Tensioni nel governo, a gennaio una verifica. L'annuncio di Conte

Governo, Speranza: verifica? Sbagliata la parola, giusta l'idea - "Va nella direzione giusta", secondo il ministro della Salute Roberto Speranza, "l'idea che dopo la legge di bilancio ci si rimetta tutti insieme e si definisca un'agenda per il 2020" del governo. Una "verifica" di governo, prevista a gennaio, annunciata da Goffredo Bettini, esponente del Pd, ai microfoni di Radio24 e confermata subito dopo dal premier Giuseppe Conte, a margine di un convegno dell'Eni, a Roma. O si approva o non si approva, non possiamo stare sospesi ogni giorno a Di Maio e Renzi.

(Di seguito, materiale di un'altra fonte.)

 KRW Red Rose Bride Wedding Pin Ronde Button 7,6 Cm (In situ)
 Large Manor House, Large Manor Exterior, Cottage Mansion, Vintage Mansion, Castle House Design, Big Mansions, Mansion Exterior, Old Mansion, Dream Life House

E lo stesso premier ha anche dettato i tempi: il tagliando all'esecutivo e agli equilibri di maggioranza avverrà a gennaio, "un minuto dopo l'approvazione della legge di bilancio". "Poi, con il Presidente Conte, lavoriamo ad una nuova Agenda 2020 per riaccendere i motori dell'economia, per creare lavoro, per sostenere la rivoluzione verde, per rilanciare gli investimenti, per semplificare lo Stato, per sostenere la rivoluzione digitale, per le infrastrutture utili, per investire su scuola, università e sapere". "Alleanza vuol dire condivisione e avere a cuore gli interessi dell'Italia", scrive su Facebook Zingaretti. "Io - ha continuato Speranza - credo molto in questo governo".

"Ritengo che ogni cosa abbia il suo tempo. Il paese chiede chiarezza, non possiamo proseguire con dichiarazioni o differenti sensibilità, sfumature varie e diversità di accento" aggiunge Conte. "Perché è vero che abbiamo già dei punti programmatici ben chiari che sono alla base di questo governo, ma è anche vero che non abbiamo scritto quali sono le priorità, il cronoprogramma e quindi, assolutamente, chiederò alle forze politiche di condividere un percorso anche sul piano del cronoprogramma, e delle priorità". Questo si farà a gennaio, adesso parliamo della manovra. "Per cambiare il Paese abbiamo bisogno di un po' di tempo". "Io - ha aggiunto il ministro - rivendico le cose che abbiamo fatto finora nel comparto salute: 2 miliardi di euro in più sul fondo sanitario nazionale, 2 miliardi di euro più sull'edilizia e l'ammodernamento tecnologico, l'abolizione del superticket che nessun cittadino pagherà più in Italia dal primo di settembre".